Data shown>
Content starts
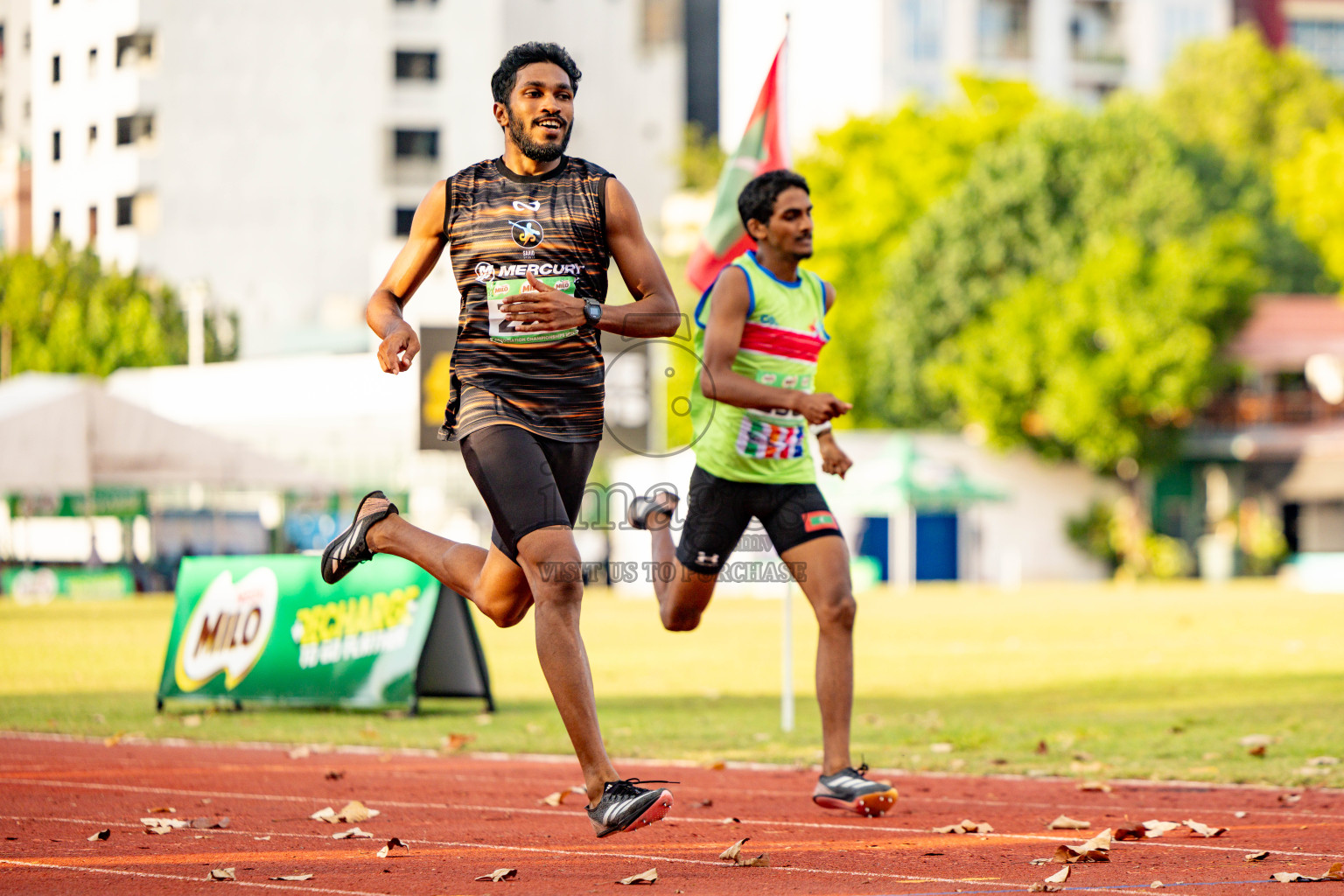 Day 2 of 12th Milo Association Championships was held in Ekuveni Track at Male', Maldives on Friday, 25th April 2025. Photos: Hassan Simah / images.mv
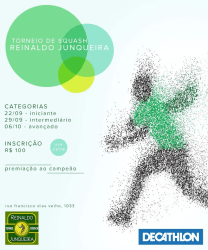 Primeiro torneio de Squash Reinaldo Junqueira - Avançado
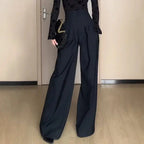 Magic High Waist Loose Straight Drooping Mopping Casual Trousers nowadaysfashion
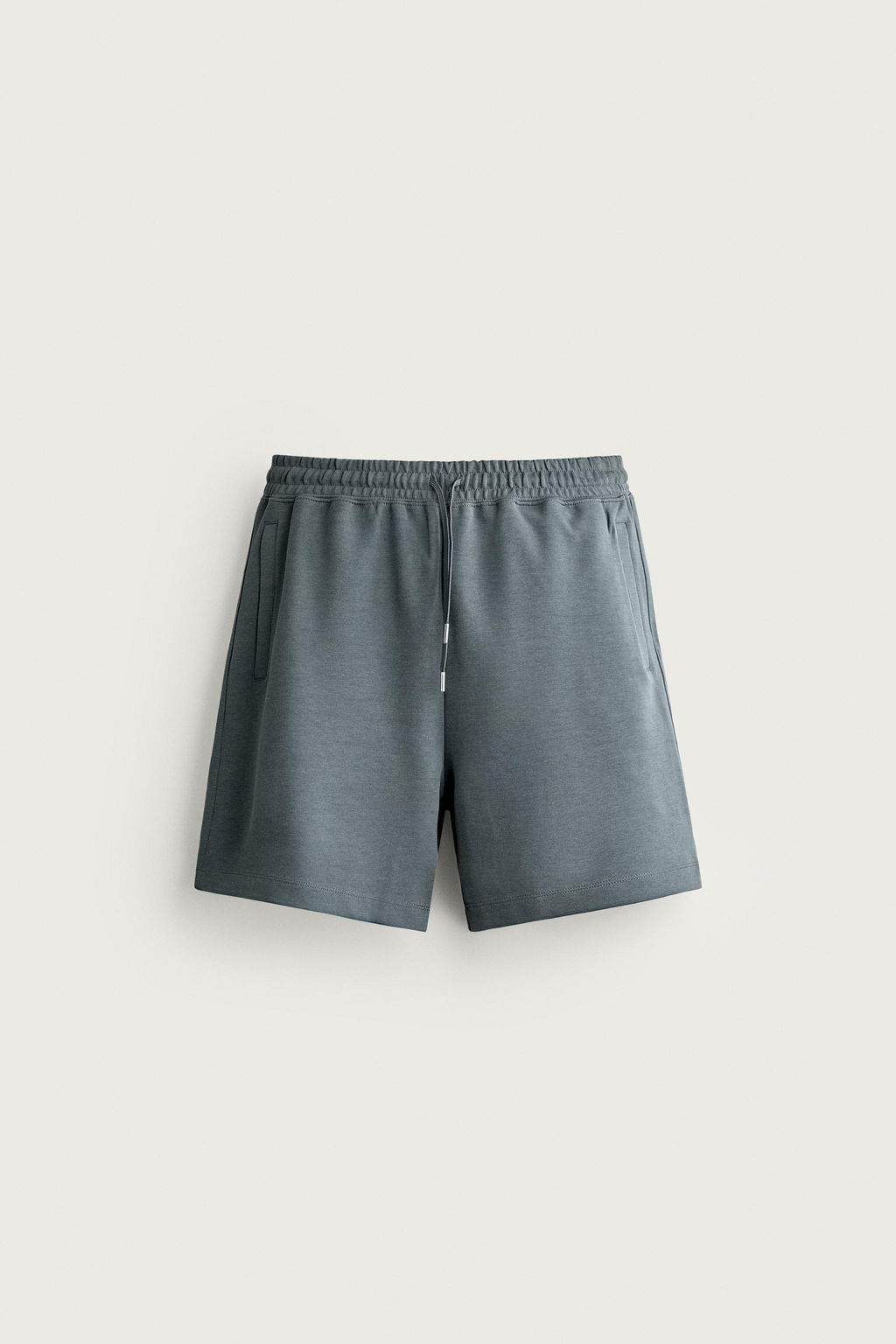 BERMUDA JOGGER RELAXED FIT INTERLOCK / Azul lavado - Zara фото 11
Content ends
Assignment> Lines from the one containing "Primeiro torneio de" through the end of the material above must be reproduced exactly; pictures must not be.

Task solution>
 Primeiro torneio de Squash Reinaldo Junqueira - Avançado
 Magic High Waist Loose Straight Drooping Mopping Casual Trousers nowadaysfashion
 BERMUDA JOGGER RELAXED FIT INTERLOCK / Azul lavado - Zara фото 11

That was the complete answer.